Tuesday, September 10, 2019

Gay newspaper disavows gay gene research

A front-page San Francisco Chronicle newspaper reports:
“I’ve said this multiple times: Why are we so obsessed with studying homosexuality?” Risch said. “Why not genetics of religiosity? Or genetics of homophobia? Racism? Why this?”

Risch joined many other scientists across the country in asking whether it is appropriate to keep spending time and money pursuing a genetic explanation for sexual orientation, when other human behaviors — never mind hundreds of heritable diseases — remain under-explored.

Geneticists have been hunting for a clue in human DNA that would help explain sexuality since the early 1990s, when a scientist at the National Institutes of Health claimed to have found a “gay gene” that was passed from mothers to sons. His initial work has never been successfully replicated, but dozens of other studies have been done since then looking for other genetic ties.
The article strangely does not answer the question. It is true that the heritability of homosexuality is probably not much different from hundreds of other behaviors.

The simple explanation is that the gay lobby did some market research, and discovered that the public was more accepting of same-sex marriage and other gay rights proposals if they believed that homosexuality was genetic.
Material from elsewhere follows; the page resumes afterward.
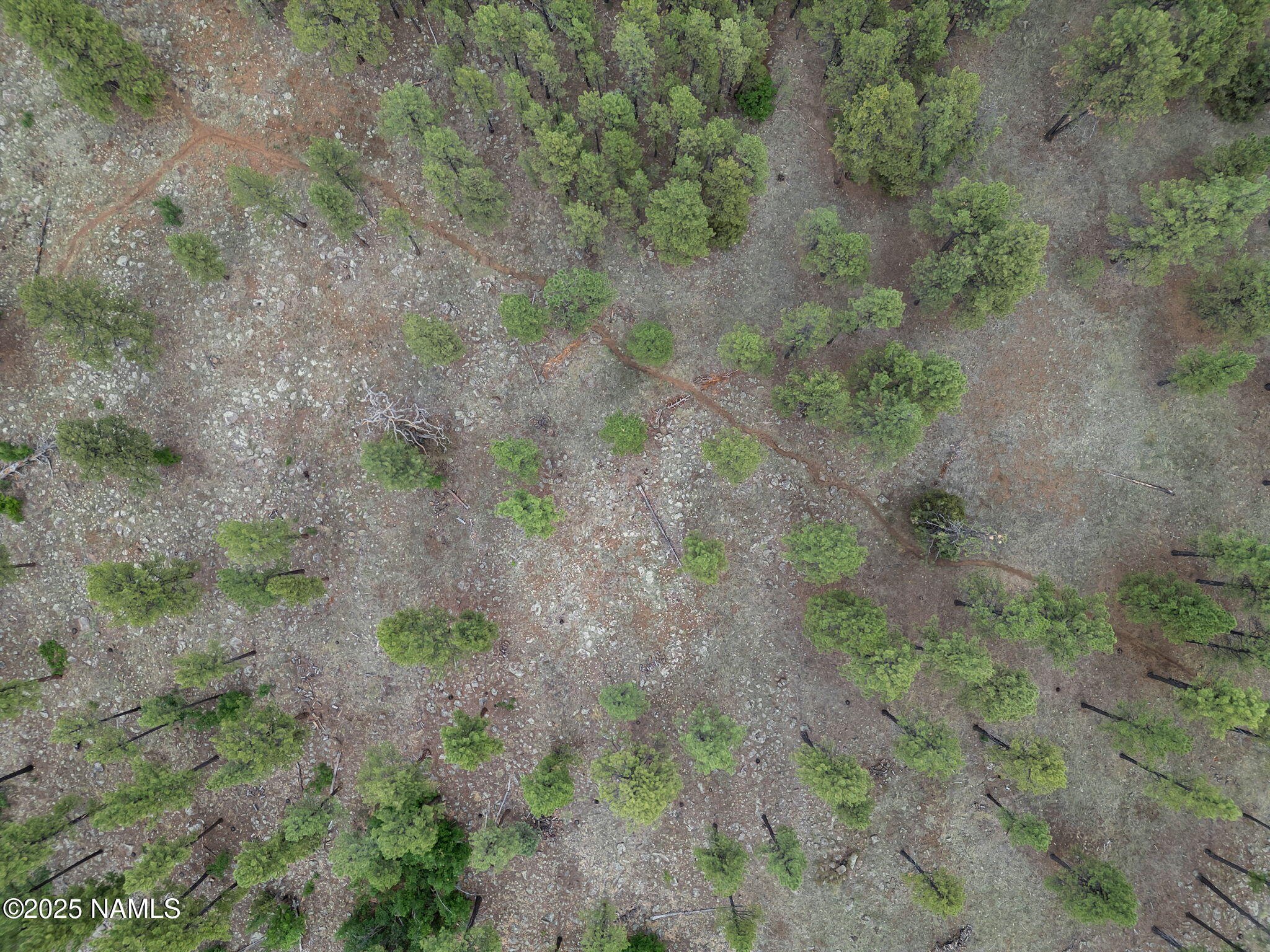 Flagstaff, Arizona, 86001, United States, ,Land,For Sale,1948051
So they cooked up phony scientific evidence for a gay gene.
It’s especially unsettling when sexual orientation is already a stigmatized, highly political issue, and it’s easy for even the most benign results to be misinterpreted, Reilly said. Already, he’d seen evidence on social media of people using the Broad Institute findings to support the long-disproved concept that sexual orientation is a choice, because it isn’t defined by one single gay gene.
No, it is not a long-disproved concept. That was just the earlier propaganda that homosexuality is genetic, and not a choice.